For a parallel universe integration, documents and assets issued on the alternative ledger will not be verifiable on TradeTrust.io, but implementers are welcome to create their own stack spanning L0 to L4. They may wish to rely on some of the work already done by TradeTrust to reduce the amount of bespoke work required. For example, tt-verify is very easily modified to support alternative verification methods.

L1: Protocol Integration

Libraries: Document Store library and Token Registry Library

L1 provides for an implementation of the TradeTrust protocol on Ethereum, based on the combination of a ERC721-compliant non-fungible token registry smart contract and our own Title Escrow smart contract. This layer provides the assurance that the MLETR requires for compliance.

An example of an alternative implementation here could be a Viper port of the smart contracts above, or even a whole separate design that uses the TradeTrust format to represent transferable records. This alternative implementation will be independently required to fulfil the MLETR requirements.

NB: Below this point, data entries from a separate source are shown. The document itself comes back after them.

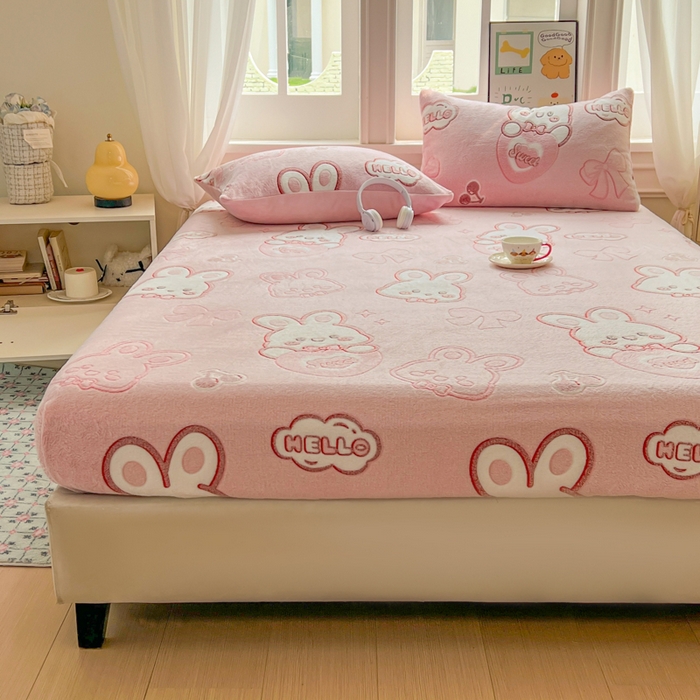 91家纺网 家纺一手货源 找家纺 娜朵家纺 2025新款180克雪花绒印花床笠 樱桃兔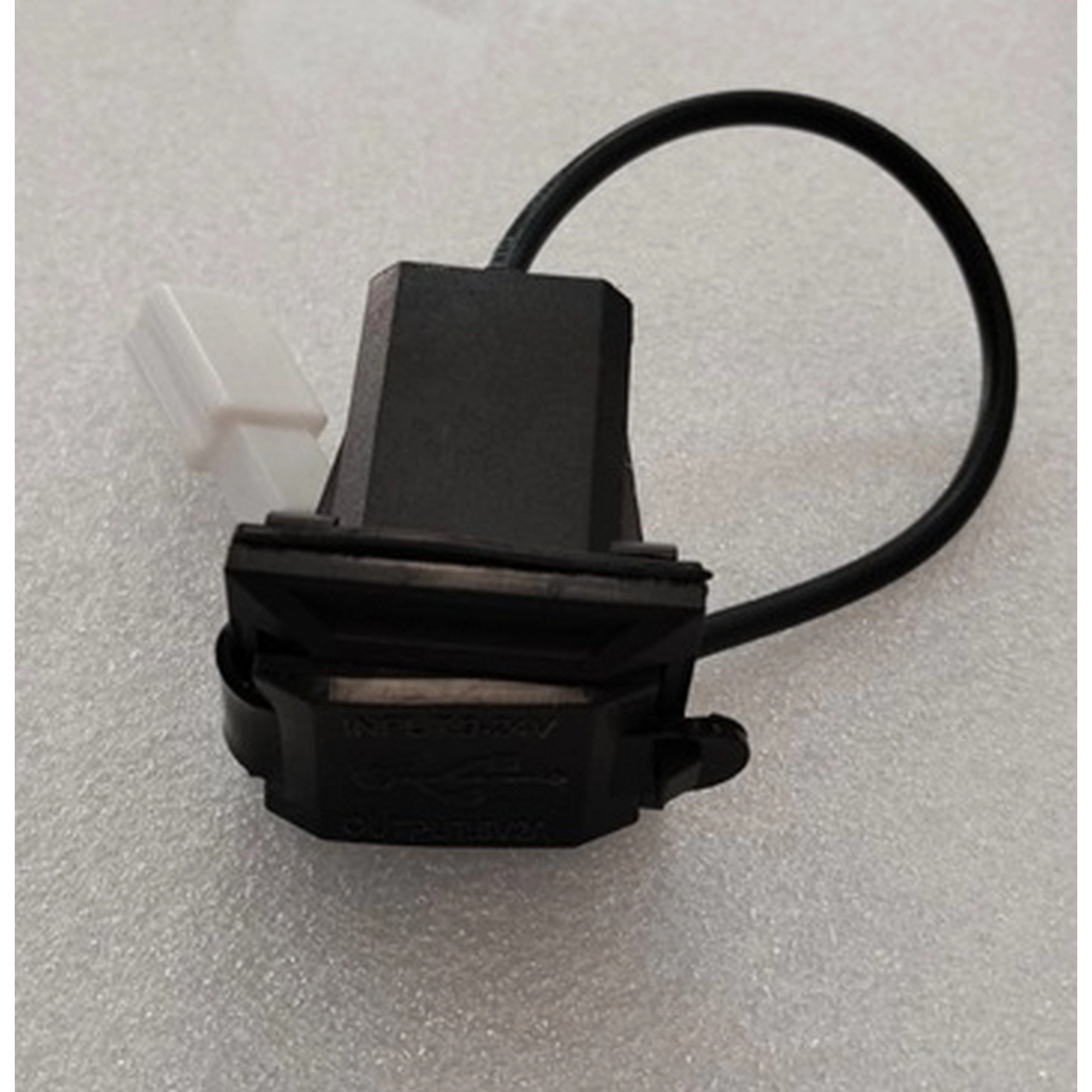 MONDIAL 125 LUNGO E5+ USB GIRISI #Y4MON1076A0146
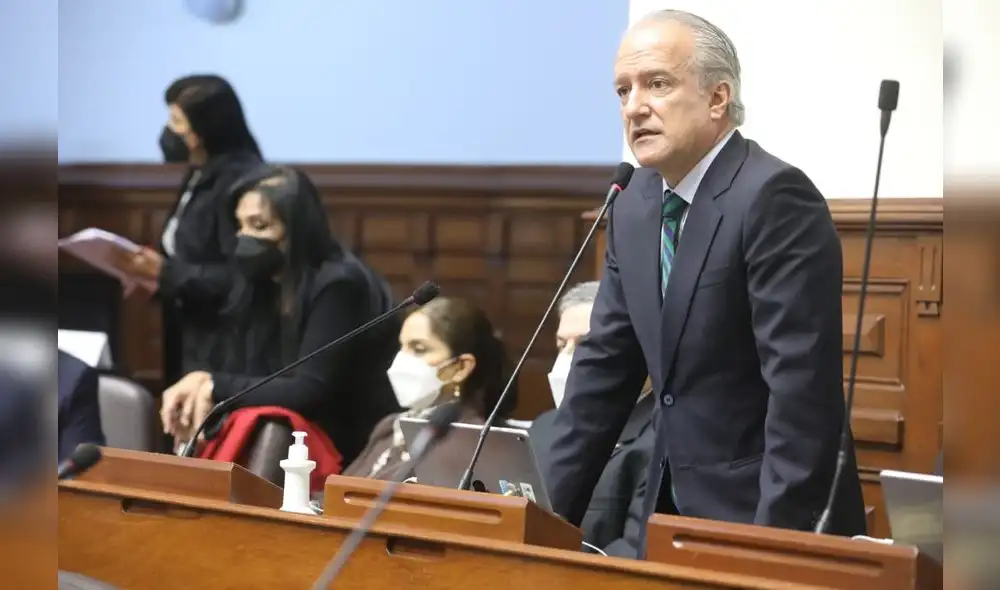 Hernando Guerra señaló que "lamentablemente, había tenido que trabajar" cuando le preguntaron por qué sesionaba desde la playa. Foto: Congreso Hernando Guerra señaló que "lamentablemente, había tenido que trabajar" cuando le preguntaron por qué sesionaba desde la playa. Foto: Congreso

L2: Library Level Integration

Library: GitHub - tt-verify.

L2 provides for implementations of userland libraries that interact with the Ethereum smart contracts in L1 as well as TradeTrust documents in L(-1). These libraries are for ease of interaction, abstracting out the state and wallet management functionalities that require a lot of integration work.

Example of alternative implementation: open-attestation, oa-verify, open-attestation-cli, or any other such libraries.

L3: System Level Integration

Reference Implementation: GitHub - TradeTrust/tradetrust-website , GitHub - TradeTrust/document-creator-website

L3 is the composition of libraries from L2, in order to develop a user-friendly application that is tailored for specific workflows.

Examples:

  • tradetrust-website composes libraries to achieve a document verification workflow.
  • document-creator composes libraries to achieve a document issuance workflow.

L4: Rebranded Platform

L4 allows a firm to be able to integrate TradeTrust without needing to do any development work - they can simply embed our existing websites into their application with their own branding.

They may also rely on GitHub - TradeTrust/document-creator-website to issue documents and assets without maintaining any infrastructure.